“Reserved, insecure, rebellious… I really didn’t care much for authority.” – Jim Root
Just The Facts: Unpublished answers from my Pensacola News Journal interview with Slipknot guitarist Jim Root (#4) for a feature promoting their Pensacola Bay Center show on August 29, 2015-minus the questions.
“Pretty much thought I knew it all. I had all kinds of weird afflictions growing up.”
“I must have seen some video on MTV or something and the Fender Strat…I felt connected to it.”
“I grew up listening to music. My parents had vinyl and all that. I can honestly say from my earliest memories that’s what I always wanted to do. I begged and pleaded. Everything I could do to get my parents to get me a guitar for a birthday or a Christmas or anything. Dropping hints, leaving catalogs laying around.
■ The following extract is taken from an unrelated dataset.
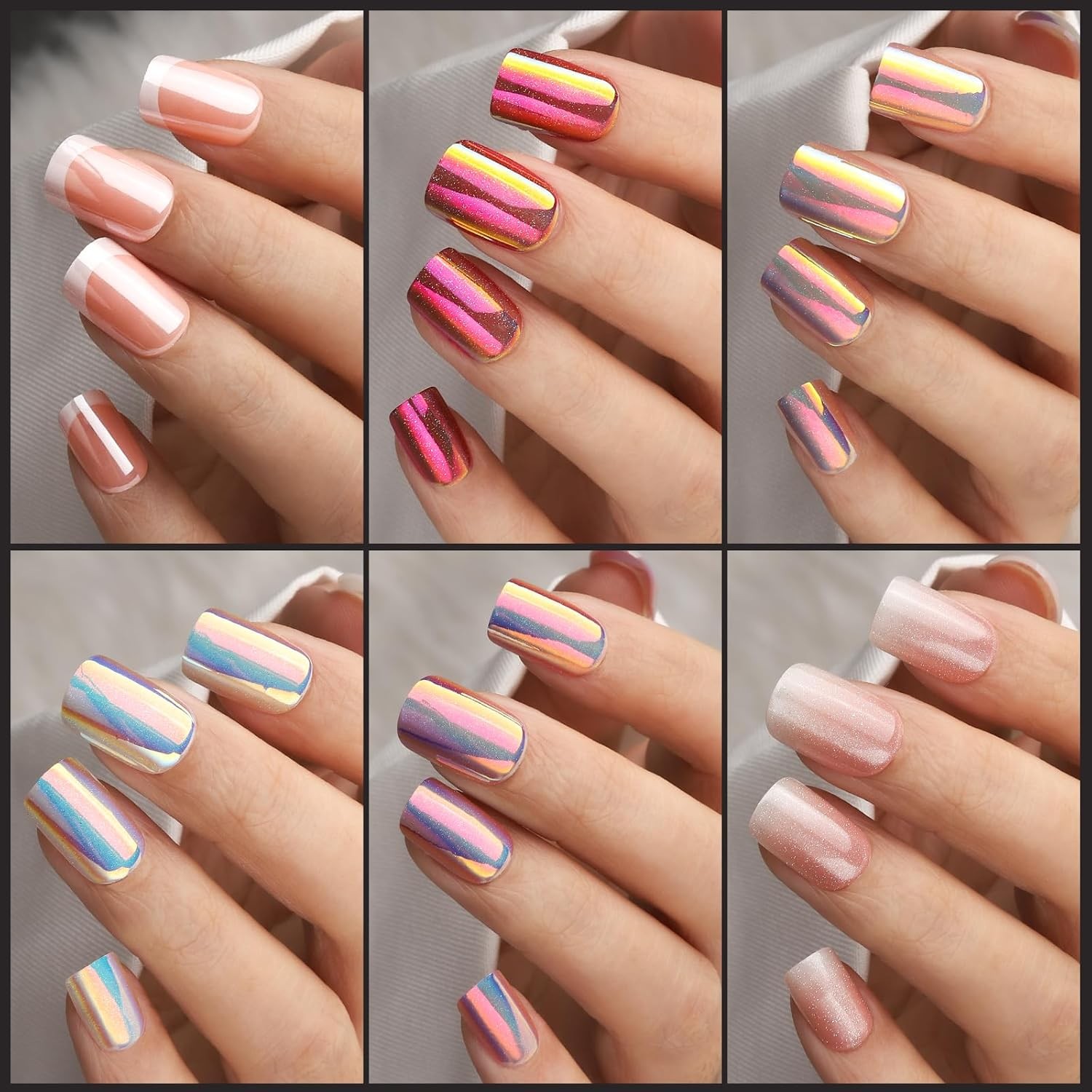 Press on Nails, 6 Colors Chrome Press on Nails Short, Cat Eye Nails Short Round,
I didn’t get one until I was 14. I wish I could have got more of a head start on it.”
“My first guitar was a Memphis Les Paul Jr. copy. And it was a pretty brutal guitar. Not very well made, but it was a guitar and it was good enough for me to break and mistreat and not appreciate until I got my next real guitar that I really started learning on, a Takamine electric.”
“They sound relatively the same. I designed them with the same woods and the same pickups and all that, but they’re definitely not made for blues or jazz or chicken pickin’ country or slide guitar or any of that stuff. So a lot of the tele purists probably hate the guitar, but it’s an iconic body shape.
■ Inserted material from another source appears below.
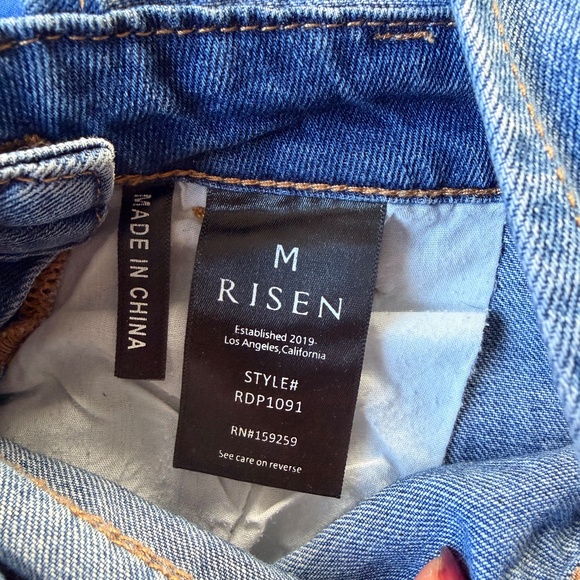 Risen Denim Distressed Overalls - Picture 3 of 3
“Tele’s, Strats and Jazzmasters to me are so legendary that to be able to endorse a company like Fender and have them on my side and listen to my ideas, it’s absolutely a dream come true. I couldn’t have asked for anything better. I find myself extremely lucky be able to take an idea that I’ve had and have them go, ‘Yeah, that sounds like a great idea. Let’s go ahead and do it.’ You’re talking about Jimi Hendrix, Jeff Beck, Eric Clapton and Rory Gallagher. All these iconic players. It’s amazing to be in that kind of company. You can’t hardly believe it sometimes.”
“Oh man. Jimmy Page. George Harrison. All these guys were larger than life to me. Pete Townsend, Tom Petty, guys like this that are just amazing songwriters, gifted players, gifted ears. When I was in my teens, 16, 17 years old, I was into guys like Malmsteem and Dave Mustaine, all these guys that were doing the metal that I was listening to and that’s where I honed my skills. I learned to play by ear by playing along to the records that I was listening to which was ‘Killing is My Business…and Business is Good!’ and Anthrax. All these records, Iron Maiden, Dave Murray and guys like that, Adrian Smith. Tony Iommi and even guys like Stevie Ray Vaughn. There’s just so much you can do with a guitar. Everybody approaches it a little bit differently. It’s crazy.”
“It’s tough. I ain’t going to lie. There are a lot of relationships that tend to suffer when you spend so much time away and for me, over the past 16 years, for a time, I was juggling two bands. When I come home from a tour, I tend to shut off, lock myself up in my house and I don’t ever want to leave or do anything because I just saw every country in Europe. I got to eat at all these amazing places and I basically just had a vacation playing all these shows everywhere.”
“So when I get home, it’s like home is my vacation. It’s part of the reason why I moved down to Florida. I want to be able to ride motorcycles and drive my old cars without worrying about snow on the ground and all that shit. It’s tough. I have friends that I went to high school with, that I don’t really see that often, partly because they live in Iowa and I live down here and partly because they’ve all started families and careers and things like that. When I come home from a tour, if I have a month off, I can sleep as late as I want. I can stay out as late as I want. These guys, ‘Well, I got to wake up and take my kid to school before I go to work and then after I go to work, I got to do this and that,” so you don’t get a lot of hang time anymore. I had a good buddy back in Iowa and we used to go fishing every once in awhile and you can’t really do that so much anymore.”